Alors, pourquoi cela m’énerve? Parce qu’un rien m’énerve, premièrement. Deuxièmement, parce qu’on dirait un thème de magazine féminin et que je n’aime pas la presse féminine. Je n’aime pas non plus la presse masculine, faut pas pousser. Sport +, AutoMotoVélo, BricoloMag, Musclor, etc. [Titres inventés mais pas loin de la vérité] Pas trop mon délire non plus. Mais alors les articles sur l’épilation laser, les coupes tendances de la saison et la shopping list de la parfaite it-girl? Plutot me faire tatouer un poney sur l’épaule que de lire ça. J’ai envie de faire mal à quelqu’un quand ce genre de titres de cruchasse atterrit sous mes yeux, genre salle d’attente chez le médecin. D’ailleurs, autre sujet:  ne JAMAIS toucher aux magazines des salles d’attente, encore moins chez le médecin. Pourquoi ne pas lécher la cuvette des toilettes aussi tant que vous y êtes ? Beuuuuahh! Barrez-vous les microbes!!
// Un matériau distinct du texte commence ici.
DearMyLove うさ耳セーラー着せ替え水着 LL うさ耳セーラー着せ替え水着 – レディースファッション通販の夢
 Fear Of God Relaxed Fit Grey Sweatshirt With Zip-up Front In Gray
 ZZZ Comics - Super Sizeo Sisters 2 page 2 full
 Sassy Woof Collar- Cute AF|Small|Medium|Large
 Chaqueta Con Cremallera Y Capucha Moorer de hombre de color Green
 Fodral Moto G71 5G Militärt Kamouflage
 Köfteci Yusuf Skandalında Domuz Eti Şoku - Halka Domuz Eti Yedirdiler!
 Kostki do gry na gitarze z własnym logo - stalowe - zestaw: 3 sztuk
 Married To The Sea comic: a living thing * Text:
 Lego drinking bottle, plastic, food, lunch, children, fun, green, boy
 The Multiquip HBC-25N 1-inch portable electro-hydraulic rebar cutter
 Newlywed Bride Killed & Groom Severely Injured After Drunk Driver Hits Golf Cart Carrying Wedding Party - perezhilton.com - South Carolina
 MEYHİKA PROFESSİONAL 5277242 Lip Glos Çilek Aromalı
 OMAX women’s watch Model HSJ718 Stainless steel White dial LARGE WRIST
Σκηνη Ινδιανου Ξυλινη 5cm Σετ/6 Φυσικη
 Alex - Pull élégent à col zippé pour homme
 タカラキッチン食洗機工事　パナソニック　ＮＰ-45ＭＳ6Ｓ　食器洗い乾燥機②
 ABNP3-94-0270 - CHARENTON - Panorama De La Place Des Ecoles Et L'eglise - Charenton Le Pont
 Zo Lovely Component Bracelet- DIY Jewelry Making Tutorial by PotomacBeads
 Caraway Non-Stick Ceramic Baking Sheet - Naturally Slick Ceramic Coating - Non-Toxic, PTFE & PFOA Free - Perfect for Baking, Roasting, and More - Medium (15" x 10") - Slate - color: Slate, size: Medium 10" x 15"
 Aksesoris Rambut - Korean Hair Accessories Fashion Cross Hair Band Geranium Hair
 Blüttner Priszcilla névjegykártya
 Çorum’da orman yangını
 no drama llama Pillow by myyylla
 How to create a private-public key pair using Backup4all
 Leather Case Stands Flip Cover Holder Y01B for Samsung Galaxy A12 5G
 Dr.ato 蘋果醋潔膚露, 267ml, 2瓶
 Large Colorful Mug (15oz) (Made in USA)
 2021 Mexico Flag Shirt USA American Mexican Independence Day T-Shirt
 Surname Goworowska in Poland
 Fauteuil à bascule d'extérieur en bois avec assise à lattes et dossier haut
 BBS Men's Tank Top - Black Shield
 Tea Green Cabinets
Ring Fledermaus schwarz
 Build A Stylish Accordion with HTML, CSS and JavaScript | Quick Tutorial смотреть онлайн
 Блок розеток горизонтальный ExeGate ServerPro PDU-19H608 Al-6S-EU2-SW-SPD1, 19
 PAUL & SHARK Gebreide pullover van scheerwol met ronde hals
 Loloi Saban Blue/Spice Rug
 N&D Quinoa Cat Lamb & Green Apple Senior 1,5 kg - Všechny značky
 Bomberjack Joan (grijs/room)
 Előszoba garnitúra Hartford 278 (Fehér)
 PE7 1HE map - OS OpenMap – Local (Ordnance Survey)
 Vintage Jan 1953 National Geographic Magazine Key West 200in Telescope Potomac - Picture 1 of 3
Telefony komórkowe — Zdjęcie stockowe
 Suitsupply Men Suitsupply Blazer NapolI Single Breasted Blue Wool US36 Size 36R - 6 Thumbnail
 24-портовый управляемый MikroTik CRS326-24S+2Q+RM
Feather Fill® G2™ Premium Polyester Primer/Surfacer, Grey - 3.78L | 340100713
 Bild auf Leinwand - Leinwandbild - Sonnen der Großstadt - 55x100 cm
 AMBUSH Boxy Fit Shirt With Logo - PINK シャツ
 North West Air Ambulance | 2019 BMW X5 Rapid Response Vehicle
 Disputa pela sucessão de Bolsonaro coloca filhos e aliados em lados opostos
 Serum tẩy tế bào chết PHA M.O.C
Je sais qu’il ne faut pas juger. Mais les filles… Come on… Vous êtes sérieuses? « It-girl »? « Fashionista »? Respectez-vous. Ah pardon, pardon, pardon. Mais pas pardon! Vous, excusez-vous! Alors attention, j’aime bien l’horoscope et les potins par contre. Donc, je ne peux pas critiquer l’intégralité de ce genre de revues mais comme je n’en achète pas, allez, je me permets. Jean Pierre s’il te plait?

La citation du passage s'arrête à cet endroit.